The ruling, which was an important victory for adult stores as well as mainstream bookstores that stock items that may contain sexually oriented passages, said that Arkansas’s Act 858 violated both the First and Fourteenth Amendments.
The act, set to go into effect at the end of June 2003, amended state law to “require material harmful to minors to be obstructed from view and segregated in commercial establishments and for other purposes.”
While the original code only required venues that stocked material deemed “harmful to minors” in racks with opaque covers that obscured their view, the amended law required complete segregation of materials that may contain “harmful” passages, even if their covers or bindings were not expressly so.
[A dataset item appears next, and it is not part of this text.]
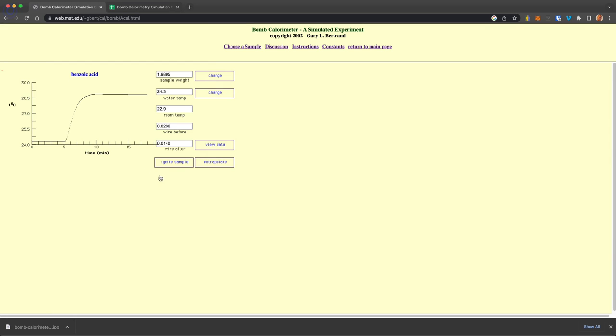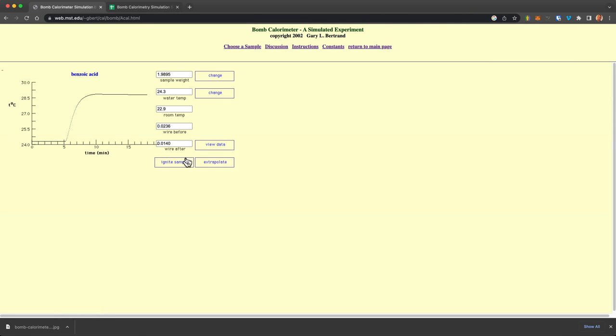So it gives you, beyond what you would do in an experiment, which is to collect the data I just showed, you can also do some of the analysis here.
The coalition of plaintiffs in the lawsuit, including members of the Arkansas Library Association, the Comic Book Legal Defense Fund and the American Civil Liberties Union, alleged that the law would require them to have an impossible knowledge of each item in the store and spend money building expensive partitions or face closing their doors to people under the age of 18.
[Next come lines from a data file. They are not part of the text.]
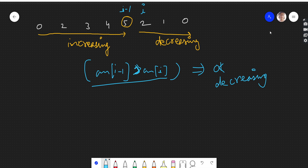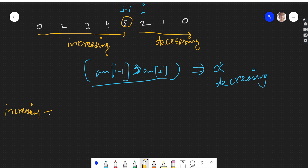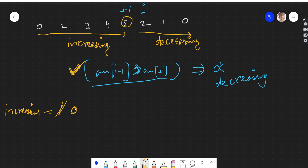We can have a flag — a variable — which tells us whether the array is currently increasing or decreasing. We'll call it `increasing`. Initially the array will be increasing, so we give it a value of 1, meaning increasing. When we reach the condition where arr[i] < arr[i-1], we change `increasing` from 1 to 0, meaning the array is now decreasing.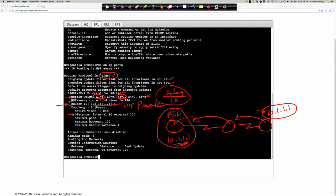The maximum metric variance is currently set to 1. When we talk about unequal cost load balancing, we can manipulate the variance value - changing it from 1 allows a feasible successor to become a path we can load balance over. Automatic summarization: in current IOS 15.x releases, this is disabled by default, because most organizations use CIDR or variable length subnet masking rather than classful boundaries.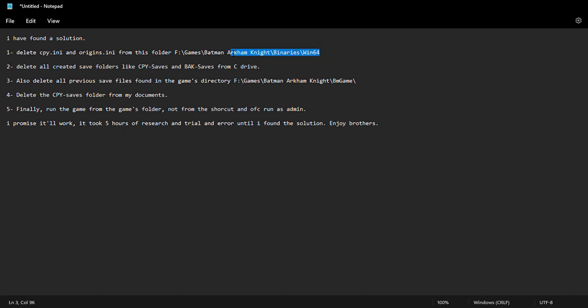this part here. I'll show you, go to your Batman folder, you open binaries then win64, then there's supposed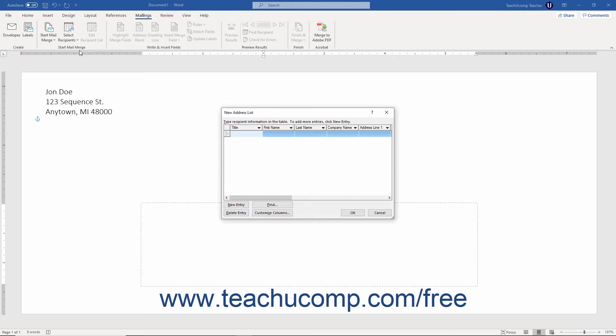To enter a new record into the data source, type the information into the first field and then press the tab key on your keyboard to move to the next field. Continue entering information until you enter all the necessary data for the record.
“Libraries have been challenged in the past for circulating classic works by authors like Judy Blume, John Steinbeck and J.D. Salinger,” Arkansas Library Association President Dwain Gordon told the court. “I [also] understand that material depicting one or more nude female breasts can be considered ‘harmful to minors’ under the Arkansas law.”
“While none of these titles are generally shelved in children’s sections, if I understand the law correctly, ALA members will violate the law if they shelve these books in areas that minors could access,” said Gordon. “One might even worry that librarians will have to remove or restrict access to the nude statue of Icarus and Daedalus that decorates the main branch of the [Central Arkansas Library System].”
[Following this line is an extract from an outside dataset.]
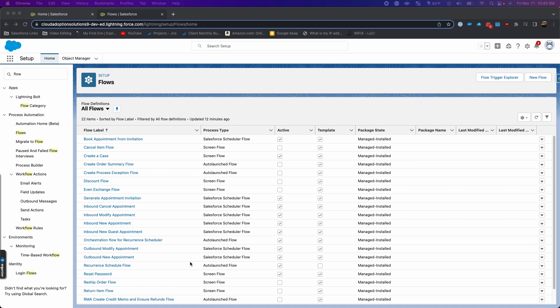Hi, this is Cory with Cloud Adoption Solutions. Today I'm going to take you through a file upload flow. This recently came up with one of my clients, so I thought I'd share it with everyone out there.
According to both U.S. District Court Judge G. Thomas Eisele, Arkansas’ new code would be overbroad because it not only linked the acts of displaying material, a “mass act” which could merely include having it on a shelf, and actually selling it, which involves a single, one-on-one interaction.
The Arkansas Supreme Court, in answer to several questions made by Eisele, also found problems with the law’s assumption that material that would be inappropriate for a 5-year-old would also be inappropriate for a 17-year-old.
“If the younger minors are to be protected from ‘harmful’ materials, surely the General Assembly did not intend for those younger children to be permitted to access materials that would arguably be ‘harmful’ to them, even though not ‘harmful’ to an older child,” wrote Supreme Court Associate Justice Tom Glaze in its majority opinion. “We cannot construe Arkansas’ statutory law in such a way as to render it meaningless, and we will not interpret a statute to yield absurd results that are contrary to legislative intent.”
Spokespeople for the Arkansas Attorney General’s office told media Wednesday that the ruling should not be heralded as a huge victory.
“It will be up to the individual prosecutors as to how they choose to enforce the law,” Matt DeCample told the Arkansas Democrat Gazette, noting that when one clause of a law is struck down, the other clauses are usually still enforceable.